Additionally, the HSMs do not incorporate impacts from anthropogenic activities, climate change (e.g., increase in storm events, ocean acidification), or other biological or environmental influences (e.g., disease, competition, turbidity) which may limit the distribution of either habitat. For example, the horse mussel reefs HSM predicts the presence of a small area of suitable habitat within the Bristol Channel, which is supported by observations of dense aggregations of juveniles in previous literature; however, they are not thought to reach adulthood (Fletcher and others, 2012). The model may also predict historical suitable habitat extent for horse mussel reefs and eelgrass beds in areas where they are not present currently, or in areas where they may be present in the future. For example, eelgrass bed presence may have been predicted in areas where the seagrass wasting disease (Labyrinthula zosterae) decimated extent in the 1920s and 1930s (Butcher, 1934; Muelhstein, 1989) and where the habitat type is no longer present. Therefore, the HSMs may overestimate the distribution and extent of assessed habitats.
Conversely, due to historic declines, the HSMs might also underpredict the distribution and extent of suitable habitat. For example, eelgrass beds are thought to have been subject to decline (e.g., from mining activities) prior to, and also since, the extent loss due to wasting disease in the early 20th century (Jones and Unsworth, 2016; Unsworth and others, 2017; Green and others, 2021). All eelgrass bed presence records have been collected since the decline in extent, thus values of environmental variables used do not incorporate environmental conditions experienced prior to this decline. As a result, the extent of suitable habitat may be underpredicted, due to the restriction of environmental conditions, and therefore may impact the calculation of PPL.
The indicator threshold (no PPL in cells containing a probability of suitable habitat of greater than or equal to 0.5) was exceeded for all combinations of habitat and UKMS region or sub-region. Therefore, the UK target was not met. Activities that contributed the greatest area of PPL of potentially suitable habitat for horse mussel reefs were aquaculture and dredge and spoil disposal, and for eelgrass beds were aquaculture and navigational dredging. These activities align with the previous assessment (Strong and others, 2018), which identified navigational dredging, dredge and spoil disposal, aquaculture, and recreational activity as the main sources of loss for horse mussel reefs; and aquaculture, navigational dredging, dredging and spoil disposal, and coastal development as the main sources of loss for eelgrass beds.

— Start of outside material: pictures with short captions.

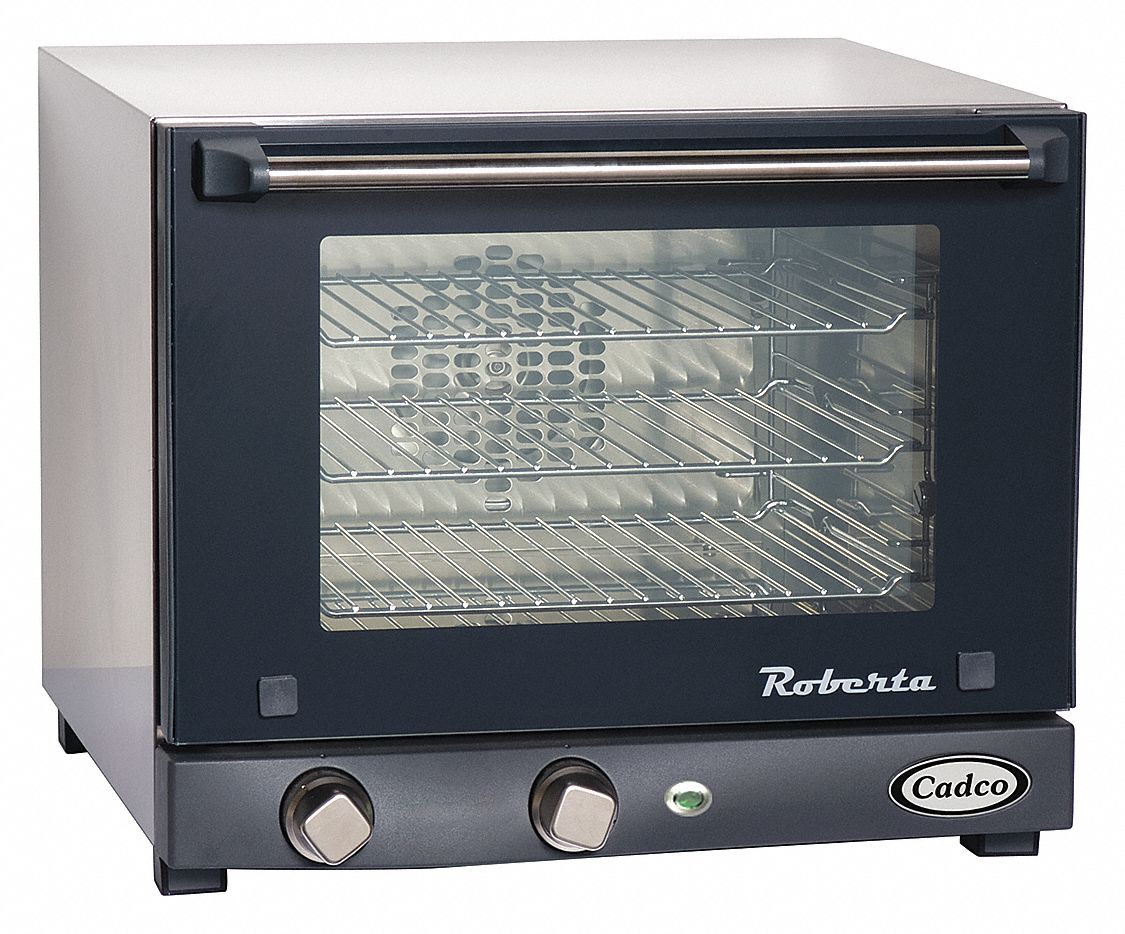 11U480 - Convection Oven 3 Shelves Quarter Size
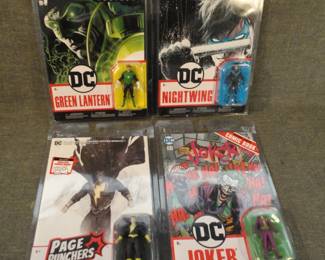 Lot of 4 McFarlane Page Punchers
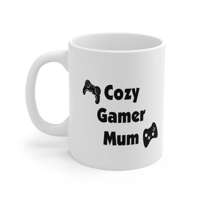 Cozy Gamer Mum Mother's Day Coffee Mug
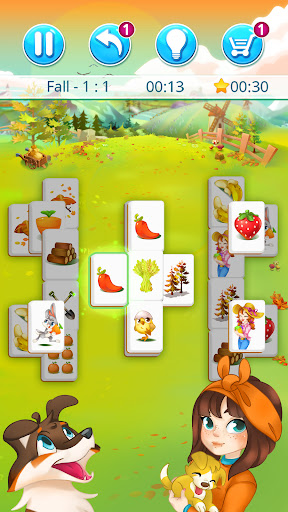 Happy Farm : The crop ekran görüntüsü
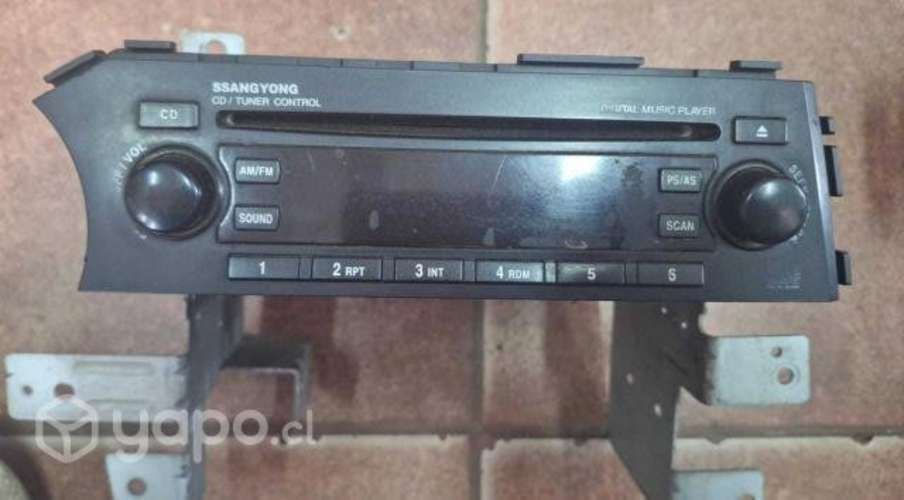 Radio ssangyong actyon año 2007-2011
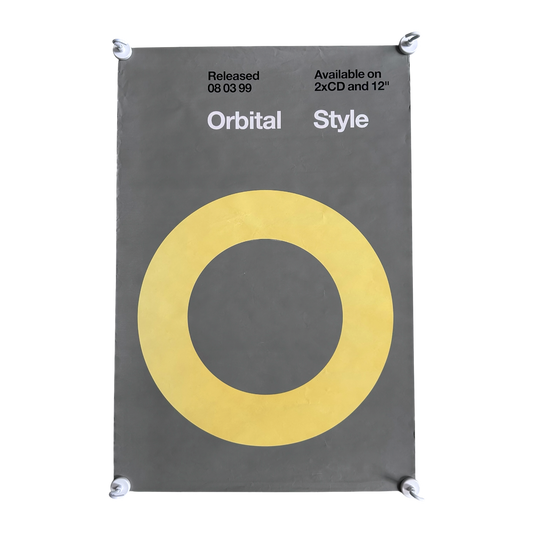 1999 Orbital poster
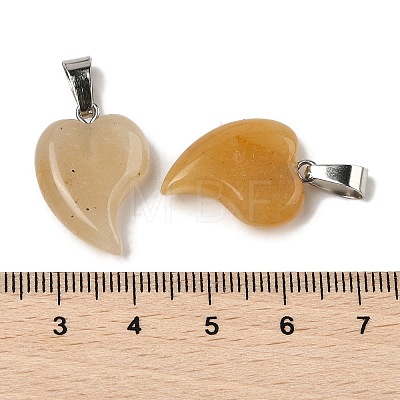 Natural Topaz Jade Pendants G-B127-11P-09-1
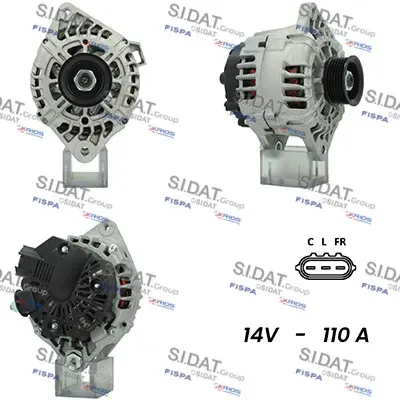 генератор SIDAT               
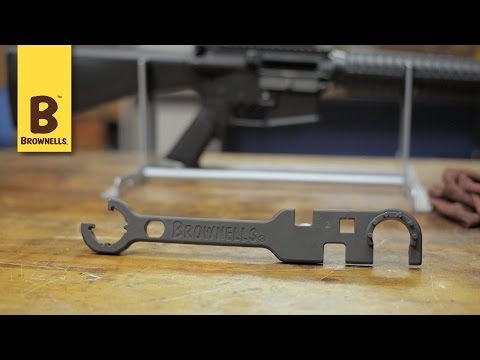 Brownells AR-15 and M16 Armorer's Wrench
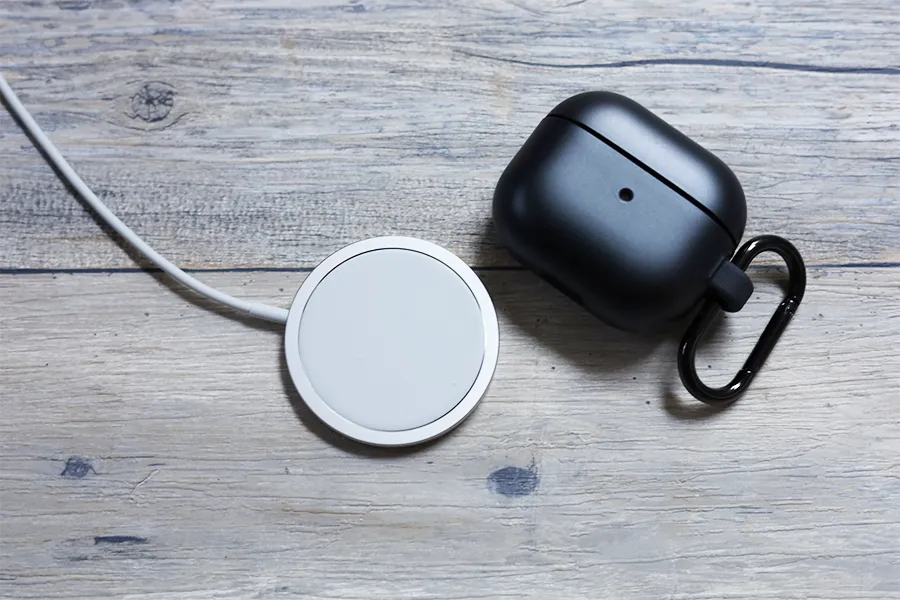 AirPods 3ケースのCaseologyはMagSafeで制限かかる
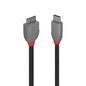 Lindy 1M Usb 3.2 Type C To Micro-B Cable, Anthra Line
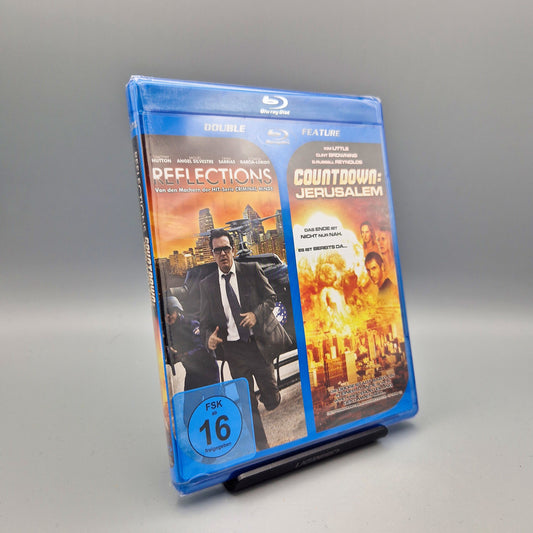 Double Feature: Reflections & Countdown: Jerusalem		Blu-Ray Film		Zustand:	Neu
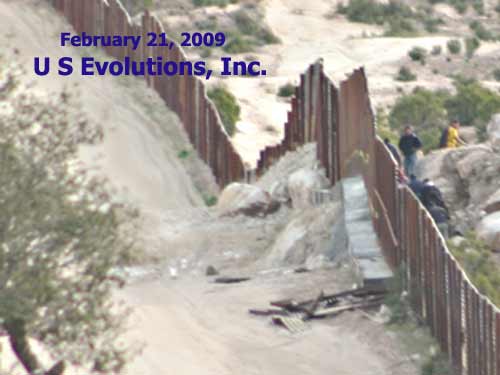 illegal aliens on a popular trail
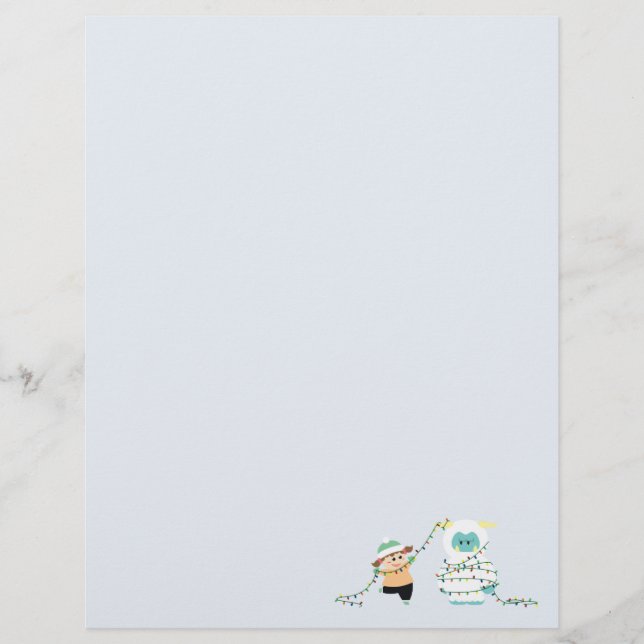 Christmas Yeti (Front)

Regardless of probability of predicted suitable habitat, results from the UKMS 2024 assessment estimate that 621.98 km2 of the 64,772.85 km2 (0.96%) of predicted suitable habitat for horse mussel reefs and 43.85 km2 of the 2250.54 km2 (1.93%) of predicted suitable habitat for eelgrass beds has potentially been lost within the UKMS region due to assessed anthropogenic activities. PPL of predicted suitable habitat for both habitats was greater in all assessment units in the UKMS 2024 assessment than the re-assessment of the UKMS 2018 activity data with the updated HSMs. Therefore, PPL of predicted suitable habitat for both horse mussel reefs and eelgrass beds has continued to occur and may have increased from 2017 to present. For the 2024 assessment, activity data were restricted to the years 2017 to present. However, temporal information was not available for all activities, meaning that it may be considered twice, in this assessment and the 2018 re-assessment. This could lead to an apparent increase in PPL between assessment periods because the 2024 assessment may include data prior to 2017 and therefore PPL may have been overestimated.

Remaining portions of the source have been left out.